Previous to 1825 the whole northern part of the State, extending for a considerable distance south of Peoria, was included in the county of Tazewell, but on the 13th day of January, 1825, an act was passed setting off Peoria County, which extended some distance south of the present city of Peoria, then known as Fort Clark, and north to the northern boundary of the State. This territory included the present large number of rich counties in Northwestern Illinois, among them Whiteside. On the 17th of February, 1827, Jo Daviess County was formed, and included within its boundaries the territory constituting the present county of Whiteside, where it remained until January 16, 1836, with the exception of that portion of the territory embraced in the present townships of Portland and Prophetstown, which had been set off to Henry County by the Act organizing that county in 1836. That part of the act of January 16, 1836, fixing and establishing the present boundaries of Whiteside, is as follows:

"SECTION 6. All that tract of country within the following boundary, to-wit: commencing at the southeast corner of township numbered nineteen north of range seven east of the fourth principal meridian; thence west with the said township line to Rock river; thence down along the middle of Rock river to the middle of the Meredosia with the line of Rock Island County to the Mississippi river; thence along the middle of the main channel of the Mississippi river to the point where the north line of township twenty-two intersects the same; thence east with said last mentioned township line to the southeast corner of township twenty-three; thence south with the line between ranges seven and eight to the point of beginning, shall constitute a county to be called Whiteside.

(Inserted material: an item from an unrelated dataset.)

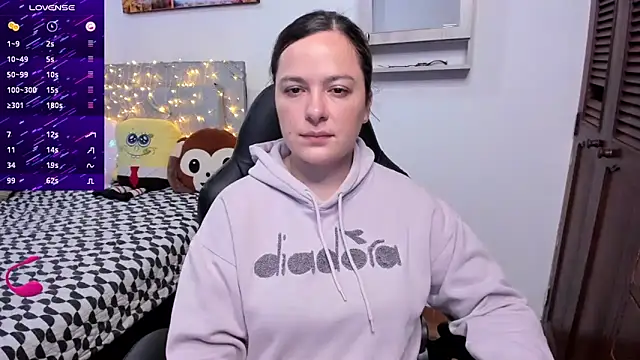 Snapshot of angelaagomez chatting on 10/16/25, 05:58 angelaagomez online show from 10/16/25, 05:58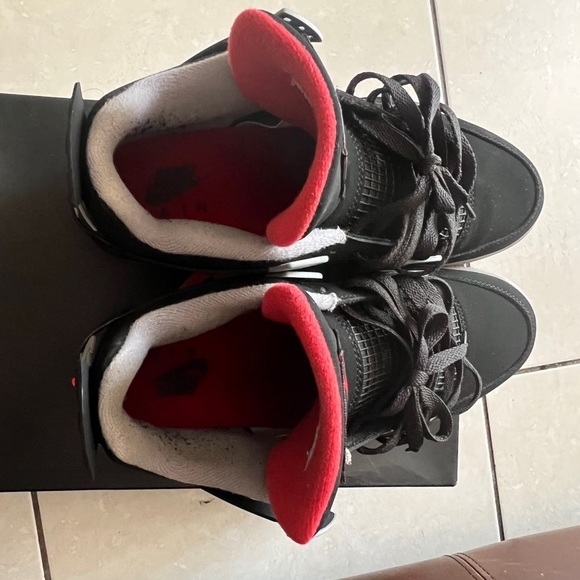 Jordan Bred 4s 2019 Size 10.5 - Picture 5 of 6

"SEC. 16. The county of Whiteside shall continue to form a part of the county of Jo Daviess until it shall be organized according to this act, and be attached to said county in all general elections, until otherwise provided by law, and that after the organization of Ogle County, the county of Whiteside shall be attached to said county of Ogle for all judicial and county purposes, until it shall be organized."

Ogle County was also organized under this act, and fully completed its organization in December, 1836, at which time Whiteside became attached to it for judicial and county purposes as provided by the act.